Minimization of Instantaneous Total Harmonic Distortion of Curents for Three-Phase Switching Power Converters

Official URL: http://risc01.sabanciuniv.edu/record=b1063521 (Table of Contents)

This work studies an application of the discontinuous control approach to the design of the current control loop in switching power converters and electrical drives. The role of the current control loop is to generate the switching patterns that will determine the sequence and the duration ON and OFF states of the switches. The reduction of the Instantaneous Total Harmonic Distortion of the currents for 3~Phase Switching Power Converters and 3~Phase Electrical machines is being selected as additional requirement determining the switching matrix operation. The approach is based on the Direct Sliding Mode principle and the unified approach for control of a PWM 3-phase switching matrix with six switches, common for 3-phase inverters, rectifiers as well as 3-phase machines. Conventional tracking control algorithms may provide the proper selection of switching vector but not the proper timing since switching timing occurs only when the control error is contacted pre-set hysteresis bounds. However this generates significant harmonic distortion especially low order harmonic distortion compared with carrier based algorithms.
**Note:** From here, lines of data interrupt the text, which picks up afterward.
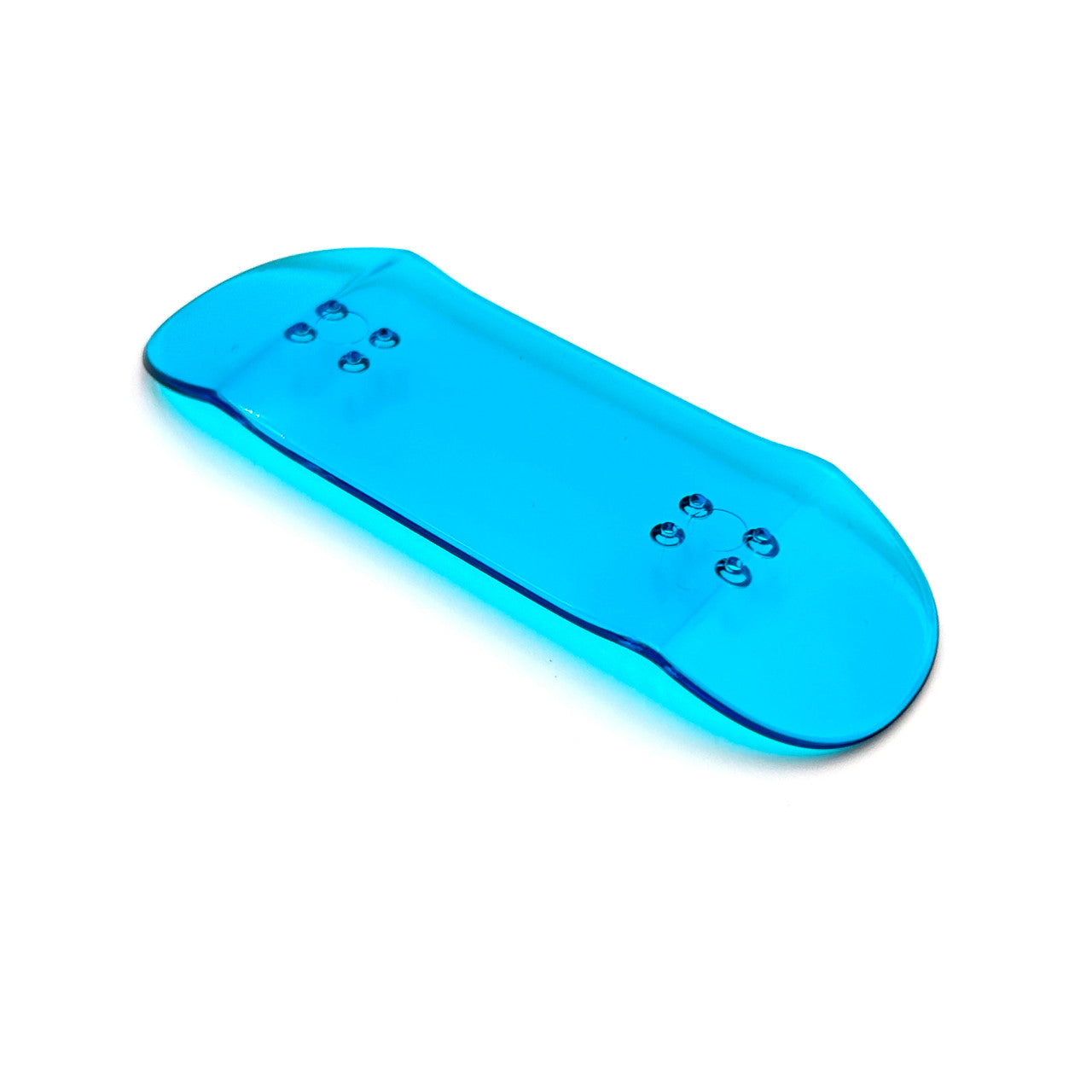 Ducky Deck Polycarbonate Blue Jolly Rancher Fingerboard Deck - Runner Shape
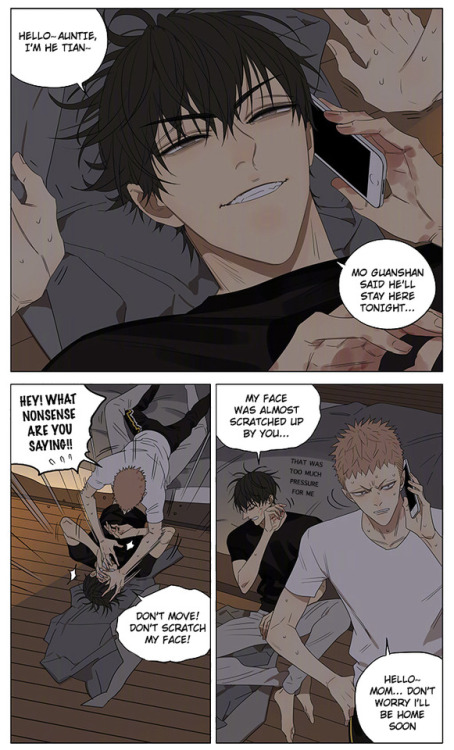 Old Xian update of [19 Days] translated by Yaoi-BLCD. Join us on the yaoi-blcd scanlation team discord chatroom  or 19 days fan chatroom!Previously, 1-54 with art/ /55/ /56/ /57/ /58/ /59/ /60/ /61/ /62/ /63/ /64/ /65/ /66/ /67/ /68, 69/ /70/ /71/ /72/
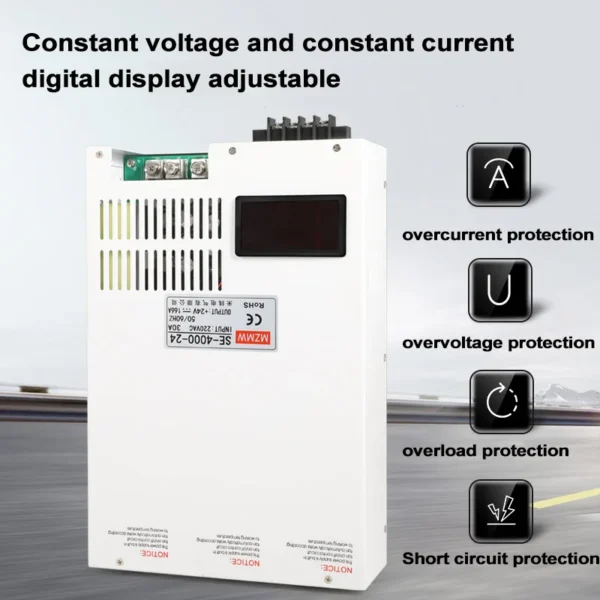MZMW 4000W AC/DC Adjustable Switching Power Pupply 0-15V 24V 36V 48V 60V 72V 110V 150V 220V Transformer Industrial SMPS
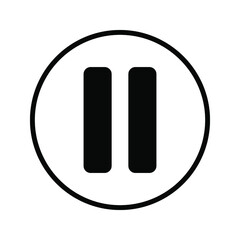 Play and pause button Vector icon. Video play button symbol vector illustration color editable. eps 10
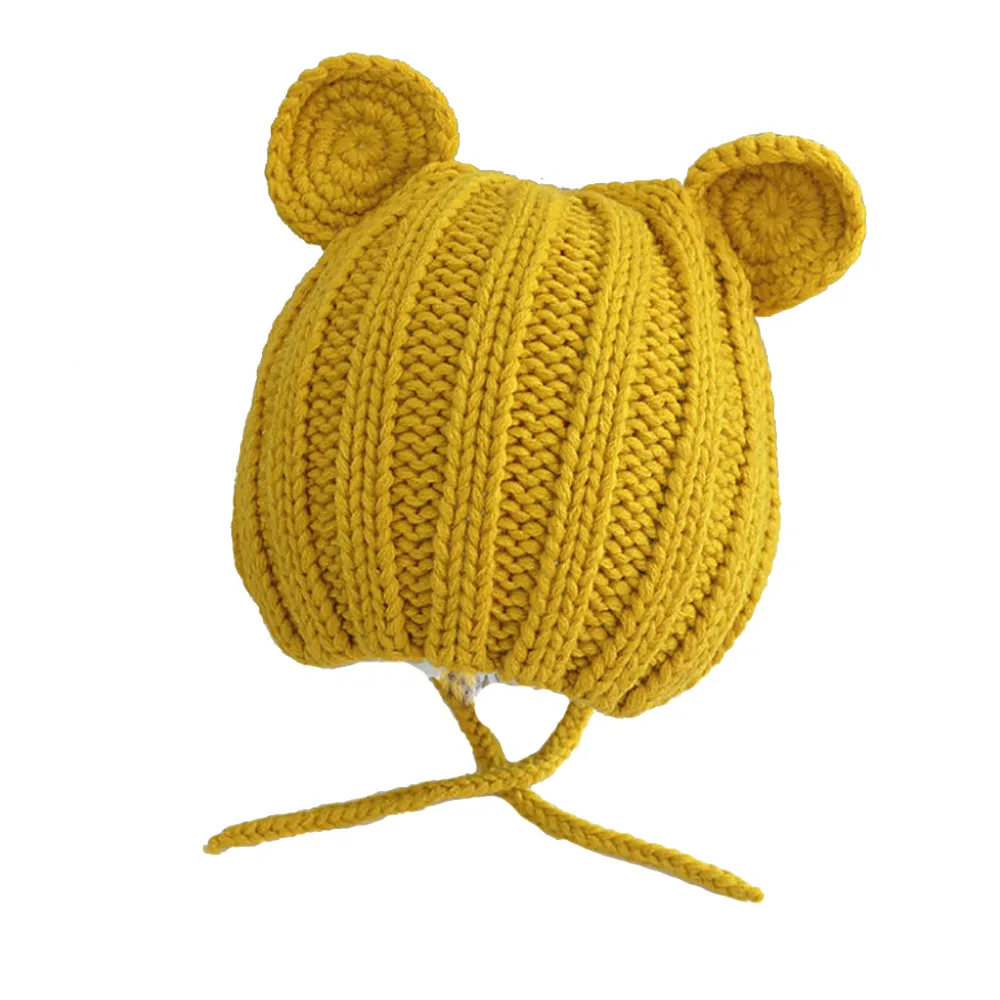 

Winter Men's And Women's Knitted Caps Cute Sleeves Warm Ears Baotou Hat Baseball Cap Display Stand Baseball Cap Winter Hat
The quality of the switching control algorithm is determined by both the proper selection of switching vector and the proper switching timing. The presented algorithm evaluates harmonic distortion in real time with instantaneous THD definition and sequentially selects two switching vectors in one control period in order to minimize the tracking error and timing is determined according to the THD minimization theorem. The simulation of the approach is performed on both Boost Rectifier and Buck Inverter, and comparative simulation results with Relay Control approach are given.